Довольно странно бы показалось всякому, кто бы мот взглянуть, как мы отдыхаем, лежа на полу в Персидской изб у камина с кальянами, или тащимся шагом по пустыням с толпой Персиян. Но вот, завтра, 6-го Ноября, мы въезжаем в Тегеран. Все опасности преодолены: в чем же они состоят? — Во-первых, путешественник в Персии должен весьма осторожно и со свечей вступать в Персидскую избу; в противном случае он подвергается падению в яму и даже в несколько ям, которые существуют во всякой деревенской комнате: одна для хранения хлопчатой бумаги, другая для разведения мангала, т. е. жаровни, третья для кур, четвертая для ржи, или пшена. Все эти пропасти прикрыты коврами, или глиняными крышками, которые при первом давлении рассыпаются. Во-вторых, при затопке камина, очень часто вся комната наполняется густым дымом. Эти два обстоятельства неминуемо угрожают путешественнику в Персии. Но я приобрел уже такой навык от несчастного опыта проваливаться и коптеть в дыму, что даже в темноте ловко миную прыжком все провалы; а во время растопки камина прогуливаюсь по двору.
Но мы уже в последней деревне, и такой деревни еще не встречали. Она в горах; в ней везде протекает и шумит чистейшая вода, везде высокие густые деревья, народу много.
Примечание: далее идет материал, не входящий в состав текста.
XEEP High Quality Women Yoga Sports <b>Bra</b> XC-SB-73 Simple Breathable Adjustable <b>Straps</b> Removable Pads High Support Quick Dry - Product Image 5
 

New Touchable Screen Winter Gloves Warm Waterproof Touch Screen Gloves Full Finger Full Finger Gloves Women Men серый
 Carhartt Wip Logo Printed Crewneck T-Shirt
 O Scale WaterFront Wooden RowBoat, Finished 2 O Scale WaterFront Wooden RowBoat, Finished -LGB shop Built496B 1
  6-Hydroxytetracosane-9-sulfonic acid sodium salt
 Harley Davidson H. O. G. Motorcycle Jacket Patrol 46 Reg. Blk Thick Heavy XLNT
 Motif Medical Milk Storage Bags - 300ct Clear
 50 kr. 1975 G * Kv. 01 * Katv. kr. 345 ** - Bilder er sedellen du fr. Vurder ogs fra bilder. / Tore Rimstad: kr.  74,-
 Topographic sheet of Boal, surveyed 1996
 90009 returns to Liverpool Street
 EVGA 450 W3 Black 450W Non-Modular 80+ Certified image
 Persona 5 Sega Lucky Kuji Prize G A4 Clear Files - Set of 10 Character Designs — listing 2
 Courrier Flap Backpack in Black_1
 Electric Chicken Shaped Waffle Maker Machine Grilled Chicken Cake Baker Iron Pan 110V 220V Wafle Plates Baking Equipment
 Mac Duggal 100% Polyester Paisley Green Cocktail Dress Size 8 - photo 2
Г. Бларамберг, адъютант Графа Симонича, занял нас приятным своим разговором. Он присоединился к нам в Казбин, куда приехал на встречу Полковнику Дюгамелю. Необыкновенно как отрадно среди Азии, вдруг съехаться с Европейцем, и особенно с Европейцем во всей силе слова, любезным, умным, ученым и добрым, каков Г. Бларамберг. Какая разительная противоположность с типом Азиатца! Мы не чувствуем той сладости в пище душевной, которою пользуемся в Европе; но как жаждем ее в степях Азии!
Что-то не спится. Вместо петухов, в Персии кричат по ночам муллы. Я этот народ не люблю. Так как теперь еще весьма рано, и можно воспользоваться свободным временем, то не худо записать все, что было от Зевгана до сих пор.
В Султании, летнем пребывании покойного Фет-Али-Шаха, верстах в полутораста отсюда, мы дневали и ночевали в разрушенном его дворце. В комнате моей не было ни окошек, ни дверей. Михмандару нашему было совестно, и он так хлопотал, что я решился подарить ему свои золотые часы; он, кажется, этой вежливостью был очень доволен, — а сыну его Фаррух-Хану отдал последний кусок коричневого сукна. В одной комнате Султанийского дворца, на стенах, написан почти в рост Фет-Али-Шах на охоте, верхом на белой лошади, местами выкрашенной красной краской, то есть, хвост, грива, ноги, грудь и живот — вся нижняя половина лошади (мне сказали, что это отличие царя). Многие из детей его также были тут изображены.